Virtual Reality: Creating Immersion (2012): rpdillon.net

Virtual Reality: Creating Immersion (2012)

2012-08-30

The purpose of my last post was to explain one reason why, in 2012, virtual reality is more than a pipe dream. It was meant to preempt a reaction of "Well, they've been talking about 3D movies and photos for 20 years also, and we have only made modest progress on that front." As a coworker said when he heard I was excited about virtual reality: "That sounds like the 90s." If you hype a technology for 20 years and it doesn't really go anywhere, people become jaded and give up. I'm writing this because I believe there is good reason to have hope. Virtual reality is real, and it is cool. Let me explain why.

This post is meant to get into more detail about the current challenges associated with virtual reality, and the state of the art. Almost everything I'm going to write about is sourced from John Carmack's 2012 QuakeCon keynote, and the follow-up panel discussion with Michael Abrash (seminal FPS developer with John Carmack, now researching VR at Valve Software) and Palmer Luckey (VR headset enthusiast and founder of Oculus, the makers of the Rift VR headset due for release in 2013). These discussions are the most comprehensive treatment of the current state of VR I've seen or read anywhere, and they are extraordinarily timely.
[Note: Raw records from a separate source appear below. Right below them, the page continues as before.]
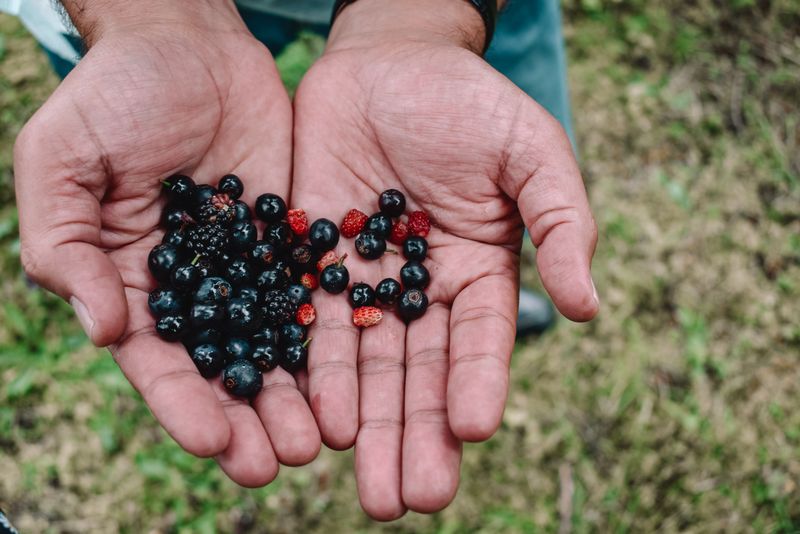 Nuts And Berries Have Personal Use Limits Nuts And Berries Have Personal Use Limits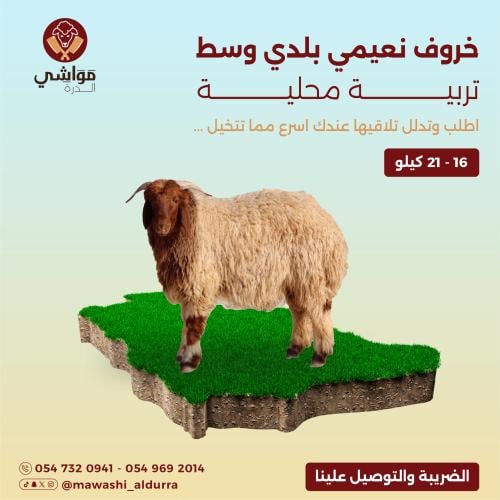 خروف نعيمي وسط الوزن التقريبي من 16 الي 21 كجم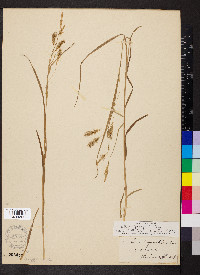 Carex sprengelii image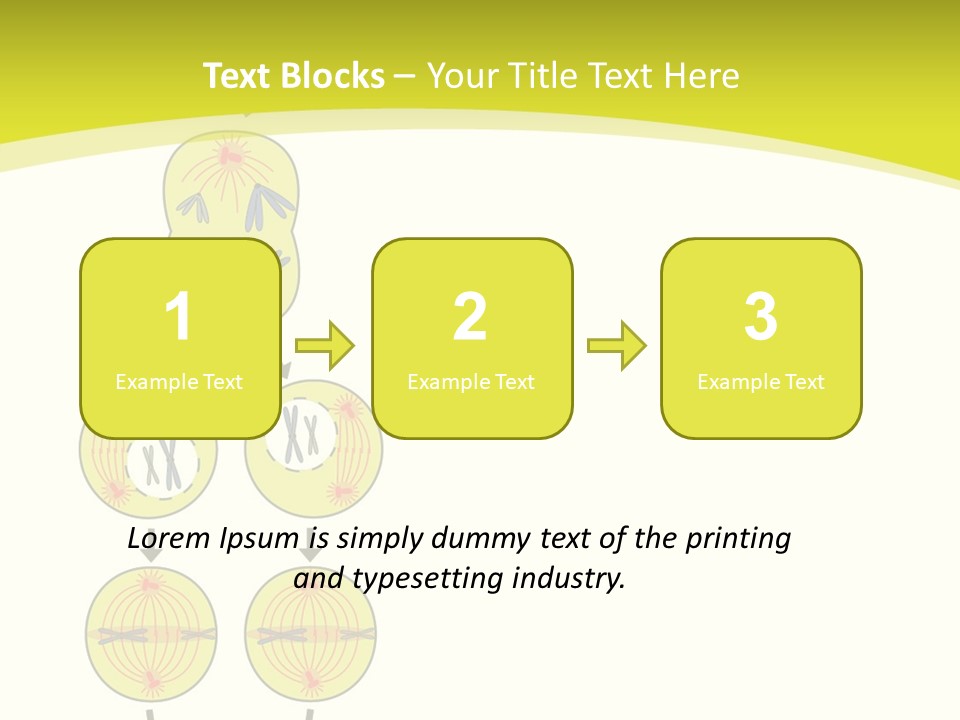 Organelle Cycle Tissue PowerPoint Template
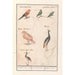 Leaf with six birds - Anselmus Botius de Boodt — artwork view
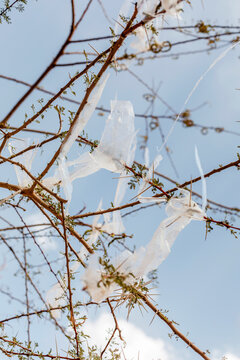 Plastic Pollution
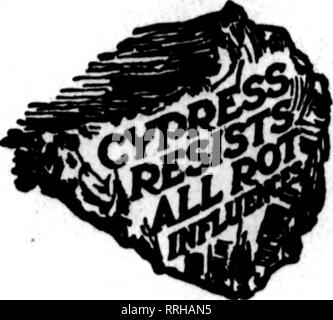 . Florists' review [microform]. Floriculture. ALWAYS MAKE SURE THAT THIS TRADE- MARK IS STAMPED ON EACH PIECE OF t* Tidewater Cypress f* &quot;THE WOOD ETERNAL THEN YOU BUY SAFETY (AND SATIS- FACTION) FIRST, LAST AND 'TWEEN TIMES.. Please note that these images are extracted from scanned page images that may have been digitally enhanced for readability - coloration and appearance of these illustrations may not perfectly resemble the original work.. Chicago : Florists' Pub. Co Stock Photo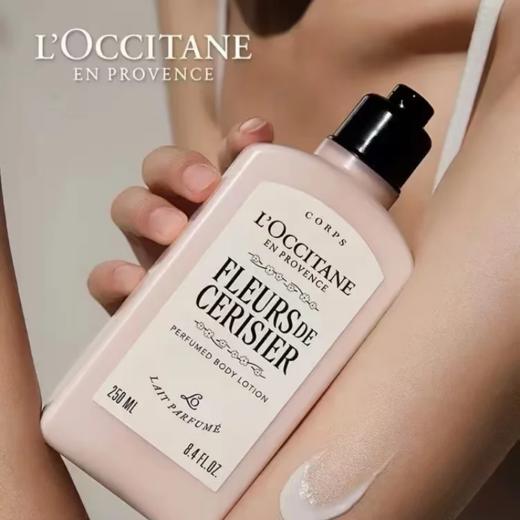 【双12嗨购节】【全球购·新版】L'OCCITANE欧舒丹樱花身体乳250ml沐浴露250ml甜蜜浪漫香体保湿 樱花润肤乳滋润保湿--wskl581 商品图9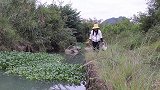 小燕钓鱼简单粗暴，直接飞竿，这力道也太猛了吧！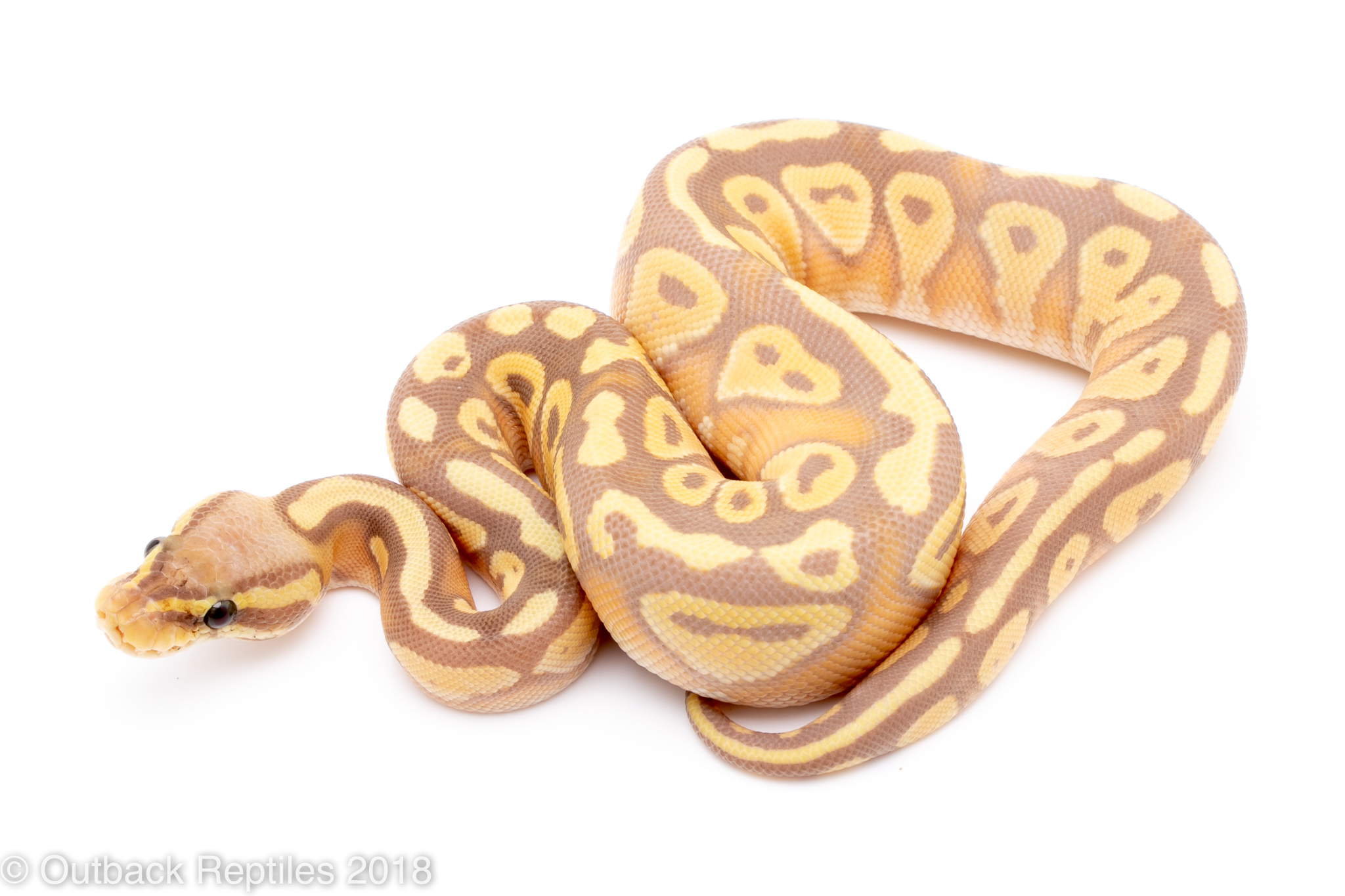 Banana mojave outback reptiles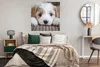 MuchoWow® Poster Nahaufnahme eines Cavachon-Welpen 100x100 Produktbild-Vorschau 4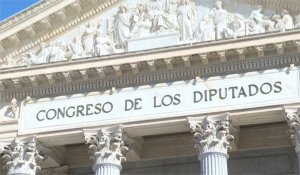 VIDÉO. Le parlement espagnol accorde deux droits très peu reconnus dans le monde
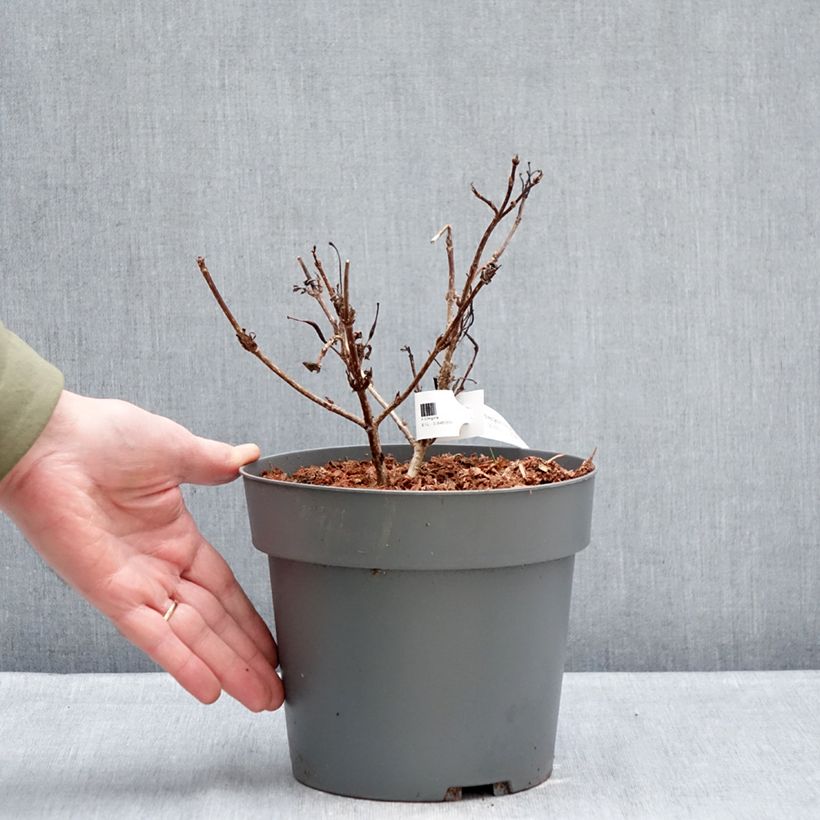 Weigela florida Electric Love 2L/3L pot sample as delivered in winter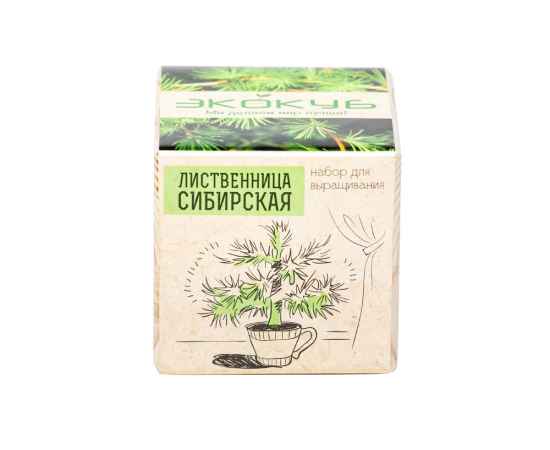Набор для выращивания Лиственница Сибирская, 822147, изображение 3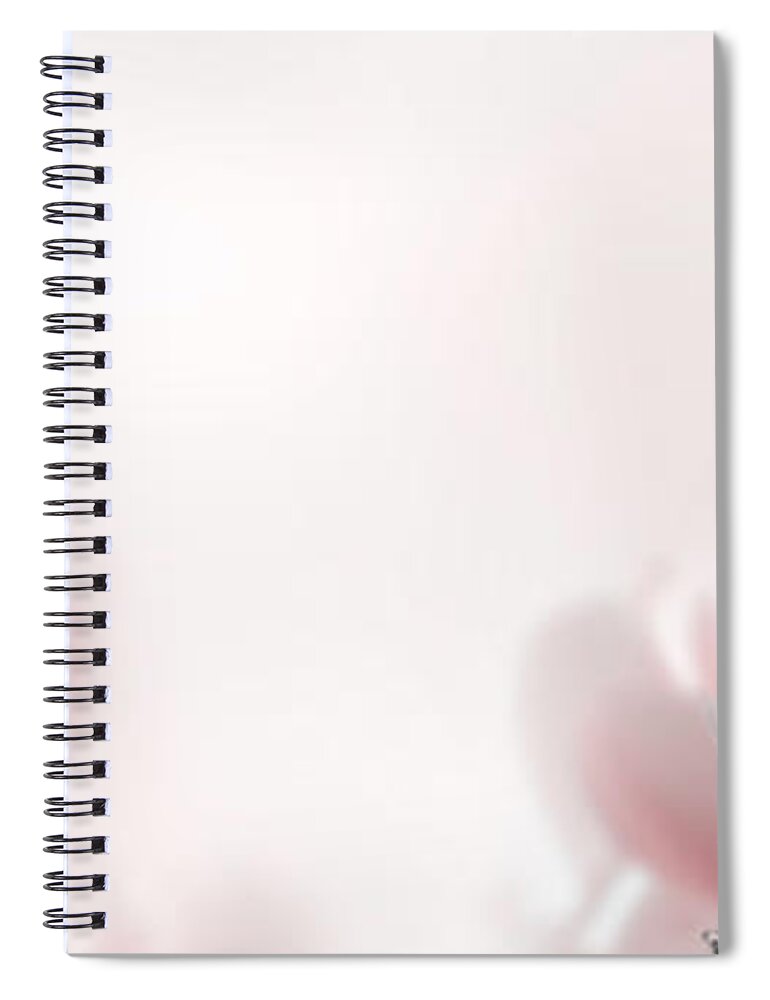 Magnolia Spiral Notebook featuring the photograph Blooming pink magnolia tree by Jelena Jovanovic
What are the Elements of Immersion?

The goal of immersive VR is to create the illusion that you are looking through a portal into a game world. Once you've created a convincing portal, you need to bring that portal right up to user's eyes, so they seem to be in the world, much in the same way you might bring a camera lens right up to a gap in a chain-link fence to make the picture appear as though it were taken on the other side. In order for the illusion to be effective, we really only need three things:

we need to know what views to generate, and
we need to respond to user action immediately, and
we need to send enough information to be convincing

In practice, knowing what view to generate hinges on being able to tell where the viewer's head is, and which way they are looking. Responding quickly is a function of sensor performance and code optimization. Sending enough information to be convincing is a function of the display's field of view, update rate, and resolution.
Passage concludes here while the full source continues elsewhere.